Trinidadian novelist and poet (born 1922)

Clara Rosa De Lima (born 27 July 1922) is a Trinidadian novelist, poet, journalist and art dealer.

==Life and career==
Clara Rosa De Lima was born in Trinidad on 27 July 1922. She was one of seven children of Yldefonsa De Lima and Rosario De Lima. Yldefonso, from a Spanish family with Sephardic roots, founded the successful Y De Lima and Co. jewelry store. His first wife, Josefita Diaz, died in 1910 and he married his late wife's fourteen year old niece Rosario.
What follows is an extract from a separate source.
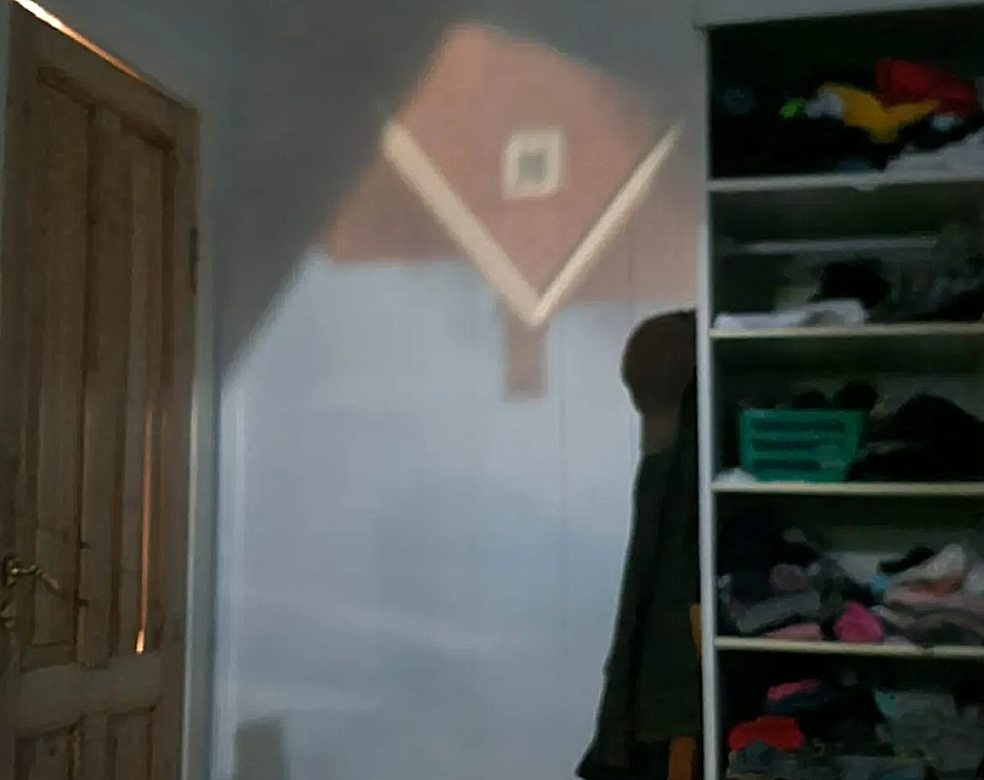 σπίτι προβολή, οφθαλμαπάτη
He died when Clara was four years old, leaving her mother a widow with six children at age 26.

Her novels include Currents of the Yuma (1978), about peasants under the dictatorship of Rafael Trujillo.

De Lima and Stella Beaubrun opened the Art Creators gallery in Port of Spain in 1978. Future Nobel Prize winner Derek Walcott sold his paintings through De Lima and she served as co-producer for a 1980 production of his play Marie Laveau.

Trinidadian artist Adrian Camps-Campins, a painter of historical scenes from Trinidadian history, painted De Lima's July 1929 seventh birthday party in 1989. The painting was used on a greeting card published by UNICEF in 1993.

== Bibliography ==

=== Novels ===
- Tomorrow Will Always Come, Obolensky, 1965.
- Not Bad Just a Little Mad, Stockwell, 1975.
- Currents of the Yuna, Stockwell, 1978.
- Countdown to Carnival, Stockwell, 1978.
- Kilometre Nineteen, Stockwell, 1980.

=== Poetry ===
- Thoughts and Dreams, Stockwell, 1973.
- Dreams Non Stop, Stockwell, 1974.
- Reminiscing, Stockwell, 1975.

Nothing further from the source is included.